The output is the lines below from the one with "病原微生物实验室生物安全工作落实情况监督检查表参考模板范本.docx_第2页" through the one with "Индиго Натуральные полосатые", both included, printed exactly and with no other line.

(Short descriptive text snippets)
----

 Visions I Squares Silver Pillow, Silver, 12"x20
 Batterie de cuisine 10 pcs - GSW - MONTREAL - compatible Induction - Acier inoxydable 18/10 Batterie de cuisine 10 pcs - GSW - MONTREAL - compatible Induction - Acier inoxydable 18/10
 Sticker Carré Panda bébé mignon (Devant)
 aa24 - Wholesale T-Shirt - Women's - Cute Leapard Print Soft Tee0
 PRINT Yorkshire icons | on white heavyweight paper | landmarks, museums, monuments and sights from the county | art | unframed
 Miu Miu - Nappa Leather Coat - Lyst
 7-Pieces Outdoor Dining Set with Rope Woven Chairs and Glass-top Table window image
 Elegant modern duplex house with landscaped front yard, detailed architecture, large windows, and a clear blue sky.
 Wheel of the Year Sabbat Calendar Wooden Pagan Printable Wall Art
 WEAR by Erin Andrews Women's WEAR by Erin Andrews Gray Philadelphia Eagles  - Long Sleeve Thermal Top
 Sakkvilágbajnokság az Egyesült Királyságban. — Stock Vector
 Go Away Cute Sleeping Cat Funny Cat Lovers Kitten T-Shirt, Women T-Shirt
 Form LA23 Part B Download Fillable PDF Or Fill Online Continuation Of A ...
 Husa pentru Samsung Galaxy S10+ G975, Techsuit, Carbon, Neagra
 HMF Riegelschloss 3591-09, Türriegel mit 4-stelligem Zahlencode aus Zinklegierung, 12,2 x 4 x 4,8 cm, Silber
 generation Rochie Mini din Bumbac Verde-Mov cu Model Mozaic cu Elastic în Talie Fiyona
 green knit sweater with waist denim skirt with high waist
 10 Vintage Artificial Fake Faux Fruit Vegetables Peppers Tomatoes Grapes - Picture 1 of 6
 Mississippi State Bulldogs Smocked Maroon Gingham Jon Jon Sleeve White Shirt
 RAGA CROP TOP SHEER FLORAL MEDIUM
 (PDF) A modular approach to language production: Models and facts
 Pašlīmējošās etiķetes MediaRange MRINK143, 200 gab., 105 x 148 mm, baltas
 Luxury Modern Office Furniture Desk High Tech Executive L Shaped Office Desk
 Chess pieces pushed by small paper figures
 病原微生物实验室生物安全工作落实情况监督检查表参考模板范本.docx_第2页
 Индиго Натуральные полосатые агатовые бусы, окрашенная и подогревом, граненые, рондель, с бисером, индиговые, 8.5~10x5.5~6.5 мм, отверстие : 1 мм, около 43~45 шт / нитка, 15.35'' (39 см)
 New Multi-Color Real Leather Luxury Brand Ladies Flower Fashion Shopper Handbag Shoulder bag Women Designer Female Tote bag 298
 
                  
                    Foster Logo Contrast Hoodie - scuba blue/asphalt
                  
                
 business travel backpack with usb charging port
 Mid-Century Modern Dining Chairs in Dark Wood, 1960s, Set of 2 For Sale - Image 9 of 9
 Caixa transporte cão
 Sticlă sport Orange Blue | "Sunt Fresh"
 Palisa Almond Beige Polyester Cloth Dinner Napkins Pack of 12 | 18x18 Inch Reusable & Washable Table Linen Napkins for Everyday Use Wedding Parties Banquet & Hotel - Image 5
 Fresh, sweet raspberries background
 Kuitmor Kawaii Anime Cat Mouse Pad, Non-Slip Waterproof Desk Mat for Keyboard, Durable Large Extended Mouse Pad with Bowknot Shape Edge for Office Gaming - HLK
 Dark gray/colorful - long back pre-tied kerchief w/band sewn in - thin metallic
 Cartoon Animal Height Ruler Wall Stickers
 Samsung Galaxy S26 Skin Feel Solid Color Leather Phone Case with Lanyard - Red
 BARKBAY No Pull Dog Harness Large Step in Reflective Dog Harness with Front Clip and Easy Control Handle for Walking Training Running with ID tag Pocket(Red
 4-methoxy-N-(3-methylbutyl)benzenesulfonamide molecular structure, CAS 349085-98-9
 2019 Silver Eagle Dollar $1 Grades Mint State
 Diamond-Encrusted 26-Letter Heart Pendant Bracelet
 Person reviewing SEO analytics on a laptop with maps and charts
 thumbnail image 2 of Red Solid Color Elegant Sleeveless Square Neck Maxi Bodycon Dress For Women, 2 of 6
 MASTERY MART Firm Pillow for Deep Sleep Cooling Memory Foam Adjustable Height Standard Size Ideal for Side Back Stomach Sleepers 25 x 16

----

## Your response
 病原微生物实验室生物安全工作落实情况监督检查表参考模板范本.docx_第2页
 Индиго Натуральные полосатые агатовые бусы, окрашенная и подогревом, граненые, рондель, с бисером, индиговые, 8.5~10x5.5~6.5 мм, отверстие : 1 мм, около 43~45 шт / нитка, 15.35'' (39 см)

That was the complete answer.